Reputation: 63
I'm trying to calculate some sliding average for a bounded dataset, which have dates attached to it as well as some value.
Based on the docs from: https://cloud.google.com/dataflow/java-sdk/JavaDoc/com/google/cloud/dataflow/sdk/transforms/windowing/SlidingWindows and https://cloud.google.com/dataflow/model/windowing#sliding-time-windows
First I am emitting the datestamp with outputWithTimestamp
, dividing the timestamps into:
Window.into(
SlidingWindows
.of(Duration.standardDays(3))
.every(Duration.standardDays(1)))
So for a PCollection of dataset:
[Jan 3rd, 100]
[Jan 4th, 200]
[Jan 5th, 400]
The output PCollection I am seeing is [100, 300, 700, 600, 400]

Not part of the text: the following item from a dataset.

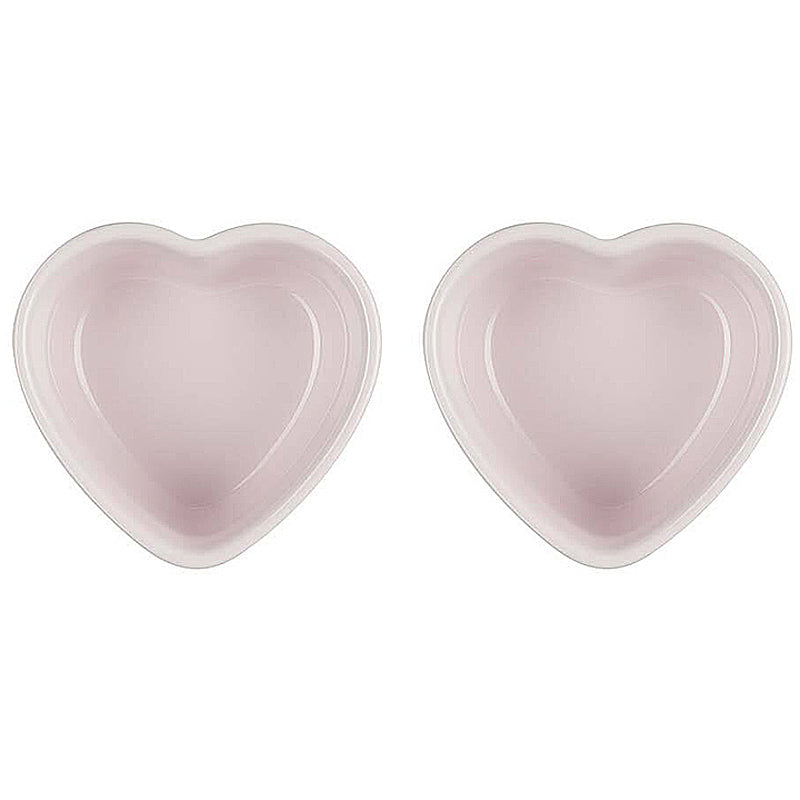 Le Creuset Herzförmchen 300 ml 2er-Set Shell Pink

, which seems to imply the windowing function starts with a window of Jan 1st - 3rd, and ends with a window of Jan 5th - Jan 7th. Does that make sense that the first window seems to start before my PCollection?
Upvotes: 0
Views: 568
Reputation: 6023
If you were to indicate the window associated with each element in your output PCollection, you would see this:
[Jan 1-3, 100]
[Jan 2-4, 300]
[Jan 3-5, 700]
[Jan 4-6, 600]
[Jan 5-7, 400]
Event time is "platonic" in the sense that it all exists "all at once". If you have a dataset where you know the data is complete only for a particular interval, you can filter these results to remove the values that do not fall within the interval with good data.
Upvotes: 1